Work required: Go over the data and work out how many lines include the word "Swimming". Give that number only.

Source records

- Opening Delimiter -

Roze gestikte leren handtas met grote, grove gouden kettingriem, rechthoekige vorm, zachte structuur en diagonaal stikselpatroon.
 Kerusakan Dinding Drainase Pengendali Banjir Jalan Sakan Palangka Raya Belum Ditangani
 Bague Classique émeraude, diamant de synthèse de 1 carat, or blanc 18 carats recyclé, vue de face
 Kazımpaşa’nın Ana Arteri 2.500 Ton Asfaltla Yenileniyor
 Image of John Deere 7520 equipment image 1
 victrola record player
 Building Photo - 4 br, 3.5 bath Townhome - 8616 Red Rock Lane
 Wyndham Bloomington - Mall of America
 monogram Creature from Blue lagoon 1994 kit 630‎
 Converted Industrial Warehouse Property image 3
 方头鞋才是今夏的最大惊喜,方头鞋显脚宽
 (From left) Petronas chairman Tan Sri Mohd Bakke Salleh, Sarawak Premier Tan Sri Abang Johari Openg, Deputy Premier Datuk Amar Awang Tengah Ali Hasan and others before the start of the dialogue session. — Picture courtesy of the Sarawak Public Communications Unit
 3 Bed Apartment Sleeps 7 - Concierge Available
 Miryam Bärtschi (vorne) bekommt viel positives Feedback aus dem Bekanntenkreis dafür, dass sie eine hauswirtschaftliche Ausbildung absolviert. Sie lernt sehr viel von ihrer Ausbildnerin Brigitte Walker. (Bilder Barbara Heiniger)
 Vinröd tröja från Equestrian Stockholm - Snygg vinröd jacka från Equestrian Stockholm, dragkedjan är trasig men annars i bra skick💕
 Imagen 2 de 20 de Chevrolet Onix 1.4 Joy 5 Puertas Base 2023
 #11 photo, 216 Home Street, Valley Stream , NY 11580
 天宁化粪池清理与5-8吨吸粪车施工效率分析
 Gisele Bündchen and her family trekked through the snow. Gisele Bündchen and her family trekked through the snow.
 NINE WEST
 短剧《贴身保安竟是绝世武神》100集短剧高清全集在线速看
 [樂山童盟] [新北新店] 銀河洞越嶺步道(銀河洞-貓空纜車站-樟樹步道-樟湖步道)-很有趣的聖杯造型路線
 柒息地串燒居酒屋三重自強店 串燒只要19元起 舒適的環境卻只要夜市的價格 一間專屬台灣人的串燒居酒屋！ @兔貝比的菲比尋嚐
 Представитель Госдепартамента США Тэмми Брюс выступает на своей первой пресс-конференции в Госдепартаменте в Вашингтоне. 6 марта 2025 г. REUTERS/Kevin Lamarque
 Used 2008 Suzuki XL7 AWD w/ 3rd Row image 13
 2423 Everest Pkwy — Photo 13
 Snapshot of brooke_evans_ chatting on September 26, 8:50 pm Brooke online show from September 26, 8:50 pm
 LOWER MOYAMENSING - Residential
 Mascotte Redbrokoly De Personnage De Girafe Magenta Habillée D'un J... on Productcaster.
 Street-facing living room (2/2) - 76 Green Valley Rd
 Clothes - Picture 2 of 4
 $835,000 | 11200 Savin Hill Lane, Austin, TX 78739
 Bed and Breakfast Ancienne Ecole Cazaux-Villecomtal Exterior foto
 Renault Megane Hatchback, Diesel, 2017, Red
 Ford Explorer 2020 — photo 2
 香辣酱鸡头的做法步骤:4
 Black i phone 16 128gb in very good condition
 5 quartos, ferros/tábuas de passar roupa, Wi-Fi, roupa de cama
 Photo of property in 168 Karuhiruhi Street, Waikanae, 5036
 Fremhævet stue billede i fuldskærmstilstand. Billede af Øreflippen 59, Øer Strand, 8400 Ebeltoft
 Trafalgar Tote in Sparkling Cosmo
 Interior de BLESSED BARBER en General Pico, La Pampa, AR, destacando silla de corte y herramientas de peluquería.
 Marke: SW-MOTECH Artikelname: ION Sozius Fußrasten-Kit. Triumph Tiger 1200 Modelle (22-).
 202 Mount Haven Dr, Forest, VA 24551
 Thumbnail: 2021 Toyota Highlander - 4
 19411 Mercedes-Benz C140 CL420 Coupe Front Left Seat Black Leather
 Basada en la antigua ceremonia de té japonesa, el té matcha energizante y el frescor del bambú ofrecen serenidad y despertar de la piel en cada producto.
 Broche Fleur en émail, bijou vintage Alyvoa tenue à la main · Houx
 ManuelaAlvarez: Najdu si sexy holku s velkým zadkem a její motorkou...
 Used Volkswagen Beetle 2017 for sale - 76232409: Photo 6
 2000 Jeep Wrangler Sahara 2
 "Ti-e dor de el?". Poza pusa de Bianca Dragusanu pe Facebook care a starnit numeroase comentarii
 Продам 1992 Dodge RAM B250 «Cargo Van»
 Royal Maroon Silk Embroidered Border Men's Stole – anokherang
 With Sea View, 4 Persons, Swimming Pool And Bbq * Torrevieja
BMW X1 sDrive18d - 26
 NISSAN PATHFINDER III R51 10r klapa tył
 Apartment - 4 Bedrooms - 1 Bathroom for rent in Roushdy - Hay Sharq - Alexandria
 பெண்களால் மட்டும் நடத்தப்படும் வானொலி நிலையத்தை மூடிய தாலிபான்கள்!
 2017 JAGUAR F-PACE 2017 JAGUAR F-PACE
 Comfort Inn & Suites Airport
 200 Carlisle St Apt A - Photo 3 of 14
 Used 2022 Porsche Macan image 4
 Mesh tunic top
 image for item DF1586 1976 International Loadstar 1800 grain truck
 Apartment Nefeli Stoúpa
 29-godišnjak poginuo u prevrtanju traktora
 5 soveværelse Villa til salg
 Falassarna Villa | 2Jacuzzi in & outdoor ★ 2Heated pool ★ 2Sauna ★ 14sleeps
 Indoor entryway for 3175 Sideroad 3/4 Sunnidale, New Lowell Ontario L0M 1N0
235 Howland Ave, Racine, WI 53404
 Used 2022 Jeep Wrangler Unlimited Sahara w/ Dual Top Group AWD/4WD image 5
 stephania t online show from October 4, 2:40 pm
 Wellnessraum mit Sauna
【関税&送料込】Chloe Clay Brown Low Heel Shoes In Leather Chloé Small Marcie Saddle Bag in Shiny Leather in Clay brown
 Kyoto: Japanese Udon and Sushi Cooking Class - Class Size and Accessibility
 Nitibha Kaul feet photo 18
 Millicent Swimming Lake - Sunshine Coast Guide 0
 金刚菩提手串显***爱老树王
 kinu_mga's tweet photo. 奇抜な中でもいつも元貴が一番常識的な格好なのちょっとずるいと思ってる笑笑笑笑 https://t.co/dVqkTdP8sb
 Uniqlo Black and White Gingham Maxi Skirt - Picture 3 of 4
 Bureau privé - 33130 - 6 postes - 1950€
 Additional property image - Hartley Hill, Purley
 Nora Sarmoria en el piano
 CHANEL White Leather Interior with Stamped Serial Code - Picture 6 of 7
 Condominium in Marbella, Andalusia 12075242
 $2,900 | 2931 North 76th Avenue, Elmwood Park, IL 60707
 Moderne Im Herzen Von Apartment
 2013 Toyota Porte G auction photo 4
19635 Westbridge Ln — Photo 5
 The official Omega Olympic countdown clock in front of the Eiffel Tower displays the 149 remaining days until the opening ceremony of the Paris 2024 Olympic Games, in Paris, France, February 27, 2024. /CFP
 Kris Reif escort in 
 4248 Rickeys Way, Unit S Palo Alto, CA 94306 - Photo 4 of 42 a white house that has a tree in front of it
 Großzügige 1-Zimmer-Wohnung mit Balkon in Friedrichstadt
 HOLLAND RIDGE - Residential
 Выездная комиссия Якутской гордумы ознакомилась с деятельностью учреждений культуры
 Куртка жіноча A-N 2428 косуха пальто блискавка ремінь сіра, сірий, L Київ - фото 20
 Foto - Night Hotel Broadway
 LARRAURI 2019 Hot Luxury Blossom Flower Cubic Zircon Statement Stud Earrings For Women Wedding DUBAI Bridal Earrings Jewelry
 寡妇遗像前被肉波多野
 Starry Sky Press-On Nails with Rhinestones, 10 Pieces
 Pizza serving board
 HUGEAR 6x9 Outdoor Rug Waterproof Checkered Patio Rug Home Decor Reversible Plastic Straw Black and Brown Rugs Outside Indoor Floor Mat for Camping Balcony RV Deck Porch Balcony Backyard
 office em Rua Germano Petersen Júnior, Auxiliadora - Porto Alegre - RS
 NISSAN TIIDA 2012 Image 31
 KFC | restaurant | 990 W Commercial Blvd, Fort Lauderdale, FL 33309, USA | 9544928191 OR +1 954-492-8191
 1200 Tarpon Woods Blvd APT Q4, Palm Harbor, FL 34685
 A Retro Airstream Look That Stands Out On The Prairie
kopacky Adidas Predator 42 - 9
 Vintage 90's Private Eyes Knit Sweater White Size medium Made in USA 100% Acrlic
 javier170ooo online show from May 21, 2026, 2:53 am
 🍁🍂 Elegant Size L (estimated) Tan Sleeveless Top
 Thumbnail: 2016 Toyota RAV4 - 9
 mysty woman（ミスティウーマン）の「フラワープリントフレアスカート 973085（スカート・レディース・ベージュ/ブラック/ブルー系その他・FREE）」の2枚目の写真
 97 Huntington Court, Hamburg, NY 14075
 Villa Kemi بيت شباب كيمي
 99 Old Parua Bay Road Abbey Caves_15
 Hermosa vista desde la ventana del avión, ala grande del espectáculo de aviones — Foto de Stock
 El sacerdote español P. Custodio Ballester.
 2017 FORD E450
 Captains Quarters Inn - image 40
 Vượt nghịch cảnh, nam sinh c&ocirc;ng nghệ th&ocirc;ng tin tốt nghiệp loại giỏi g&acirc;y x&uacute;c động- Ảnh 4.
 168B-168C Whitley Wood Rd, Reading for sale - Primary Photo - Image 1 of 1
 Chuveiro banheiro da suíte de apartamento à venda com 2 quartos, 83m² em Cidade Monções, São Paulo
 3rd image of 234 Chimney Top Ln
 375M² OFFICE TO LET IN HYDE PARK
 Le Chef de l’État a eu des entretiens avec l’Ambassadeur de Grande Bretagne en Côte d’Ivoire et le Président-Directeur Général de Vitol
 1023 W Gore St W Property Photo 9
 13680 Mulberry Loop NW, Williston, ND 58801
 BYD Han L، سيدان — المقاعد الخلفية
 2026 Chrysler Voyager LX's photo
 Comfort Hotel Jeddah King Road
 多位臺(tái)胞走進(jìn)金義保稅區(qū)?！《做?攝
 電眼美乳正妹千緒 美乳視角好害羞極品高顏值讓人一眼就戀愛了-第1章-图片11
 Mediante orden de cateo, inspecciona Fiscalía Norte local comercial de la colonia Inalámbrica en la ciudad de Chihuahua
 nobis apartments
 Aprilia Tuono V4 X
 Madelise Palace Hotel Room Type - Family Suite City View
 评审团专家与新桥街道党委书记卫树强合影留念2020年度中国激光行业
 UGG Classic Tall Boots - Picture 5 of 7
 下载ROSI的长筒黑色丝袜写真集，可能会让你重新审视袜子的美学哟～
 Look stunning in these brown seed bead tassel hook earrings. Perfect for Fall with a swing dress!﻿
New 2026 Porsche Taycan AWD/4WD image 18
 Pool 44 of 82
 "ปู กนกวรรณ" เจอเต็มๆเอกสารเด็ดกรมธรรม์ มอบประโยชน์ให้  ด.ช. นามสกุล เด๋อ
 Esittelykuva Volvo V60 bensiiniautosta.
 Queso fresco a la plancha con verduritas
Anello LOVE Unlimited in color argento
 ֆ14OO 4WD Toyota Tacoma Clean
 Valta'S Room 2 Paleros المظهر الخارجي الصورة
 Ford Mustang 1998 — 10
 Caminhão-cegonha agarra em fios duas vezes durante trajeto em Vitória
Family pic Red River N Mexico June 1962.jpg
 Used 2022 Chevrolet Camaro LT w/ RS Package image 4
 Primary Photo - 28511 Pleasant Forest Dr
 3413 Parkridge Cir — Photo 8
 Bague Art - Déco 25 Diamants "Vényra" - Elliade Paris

- Closing Delimiter -

Written reply: 2